> **Requirement**:
Your reply should contain only the line with "wide calf high heel leather boots" and the lines after it through the end of the data, each written out exactly.
Listed entries Start Marker
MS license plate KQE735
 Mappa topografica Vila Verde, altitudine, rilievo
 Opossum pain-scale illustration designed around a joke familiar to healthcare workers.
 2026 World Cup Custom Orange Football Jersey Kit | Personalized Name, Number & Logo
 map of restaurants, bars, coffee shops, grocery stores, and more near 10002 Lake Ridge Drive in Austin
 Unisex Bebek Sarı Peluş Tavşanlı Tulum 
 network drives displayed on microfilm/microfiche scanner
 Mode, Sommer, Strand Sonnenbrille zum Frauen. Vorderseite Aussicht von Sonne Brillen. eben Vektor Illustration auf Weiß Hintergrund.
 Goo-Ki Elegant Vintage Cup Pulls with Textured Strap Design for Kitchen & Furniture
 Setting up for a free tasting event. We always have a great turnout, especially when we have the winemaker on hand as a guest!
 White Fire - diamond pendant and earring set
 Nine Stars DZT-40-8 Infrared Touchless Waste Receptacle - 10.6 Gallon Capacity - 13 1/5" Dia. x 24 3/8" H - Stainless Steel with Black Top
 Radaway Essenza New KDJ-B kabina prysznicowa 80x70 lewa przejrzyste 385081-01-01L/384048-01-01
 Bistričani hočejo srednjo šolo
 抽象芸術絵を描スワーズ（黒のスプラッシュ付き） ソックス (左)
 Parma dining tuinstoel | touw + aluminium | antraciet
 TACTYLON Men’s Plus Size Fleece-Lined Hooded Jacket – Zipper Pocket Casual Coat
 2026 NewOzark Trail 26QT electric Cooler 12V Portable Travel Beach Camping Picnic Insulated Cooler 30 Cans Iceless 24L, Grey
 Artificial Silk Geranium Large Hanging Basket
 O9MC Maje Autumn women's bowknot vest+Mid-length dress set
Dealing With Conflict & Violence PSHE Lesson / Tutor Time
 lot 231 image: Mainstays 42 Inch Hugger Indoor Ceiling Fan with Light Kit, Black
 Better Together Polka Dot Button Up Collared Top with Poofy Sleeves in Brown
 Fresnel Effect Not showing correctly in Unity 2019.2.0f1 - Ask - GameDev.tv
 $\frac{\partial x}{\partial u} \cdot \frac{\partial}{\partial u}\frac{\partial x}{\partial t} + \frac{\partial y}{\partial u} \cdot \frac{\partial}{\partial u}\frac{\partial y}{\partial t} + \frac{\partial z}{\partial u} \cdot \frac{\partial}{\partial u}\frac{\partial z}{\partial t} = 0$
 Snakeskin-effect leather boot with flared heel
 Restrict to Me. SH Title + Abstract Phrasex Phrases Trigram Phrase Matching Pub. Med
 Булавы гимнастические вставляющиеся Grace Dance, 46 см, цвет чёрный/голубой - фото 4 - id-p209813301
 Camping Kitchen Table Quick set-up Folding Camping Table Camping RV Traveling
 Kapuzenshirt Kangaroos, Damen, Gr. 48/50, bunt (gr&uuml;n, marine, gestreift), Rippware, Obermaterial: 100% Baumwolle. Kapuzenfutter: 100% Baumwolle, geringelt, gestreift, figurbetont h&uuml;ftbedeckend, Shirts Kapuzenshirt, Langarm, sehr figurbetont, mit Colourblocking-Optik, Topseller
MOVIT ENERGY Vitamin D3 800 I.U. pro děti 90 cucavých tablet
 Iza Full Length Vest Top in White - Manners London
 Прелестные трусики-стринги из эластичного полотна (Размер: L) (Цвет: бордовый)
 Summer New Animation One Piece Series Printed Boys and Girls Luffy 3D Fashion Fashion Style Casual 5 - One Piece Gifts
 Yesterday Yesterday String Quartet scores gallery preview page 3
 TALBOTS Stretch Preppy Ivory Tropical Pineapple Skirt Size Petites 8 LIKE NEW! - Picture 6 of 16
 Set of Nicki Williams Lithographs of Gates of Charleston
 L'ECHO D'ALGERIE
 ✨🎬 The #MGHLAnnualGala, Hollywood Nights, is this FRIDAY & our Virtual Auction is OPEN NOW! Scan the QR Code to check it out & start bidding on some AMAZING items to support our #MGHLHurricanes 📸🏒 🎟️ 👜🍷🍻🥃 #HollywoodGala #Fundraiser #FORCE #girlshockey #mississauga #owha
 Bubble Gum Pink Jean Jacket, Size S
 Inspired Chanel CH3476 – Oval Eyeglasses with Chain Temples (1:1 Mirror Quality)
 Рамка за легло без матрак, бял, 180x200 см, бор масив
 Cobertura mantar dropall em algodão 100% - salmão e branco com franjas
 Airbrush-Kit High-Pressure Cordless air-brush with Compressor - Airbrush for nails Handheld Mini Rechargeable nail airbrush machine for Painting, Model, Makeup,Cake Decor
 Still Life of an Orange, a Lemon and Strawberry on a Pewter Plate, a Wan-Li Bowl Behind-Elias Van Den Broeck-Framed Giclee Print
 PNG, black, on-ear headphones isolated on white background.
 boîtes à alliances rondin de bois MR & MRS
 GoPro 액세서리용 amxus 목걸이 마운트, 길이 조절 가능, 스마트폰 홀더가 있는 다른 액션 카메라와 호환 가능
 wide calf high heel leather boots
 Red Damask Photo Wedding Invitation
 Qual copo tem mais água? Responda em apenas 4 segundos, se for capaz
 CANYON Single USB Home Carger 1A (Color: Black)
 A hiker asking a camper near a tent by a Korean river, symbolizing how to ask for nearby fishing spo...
Listed entries End Marker
> **Task response**:
 wide calf high heel leather boots
 Red Damask Photo Wedding Invitation
 Qual copo tem mais água? Responda em apenas 4 segundos, se for capaz
 CANYON Single USB Home Carger 1A (Color: Black)
 A hiker asking a camper near a tent by a Korean river, symbolizing how to ask for nearby fishing spo...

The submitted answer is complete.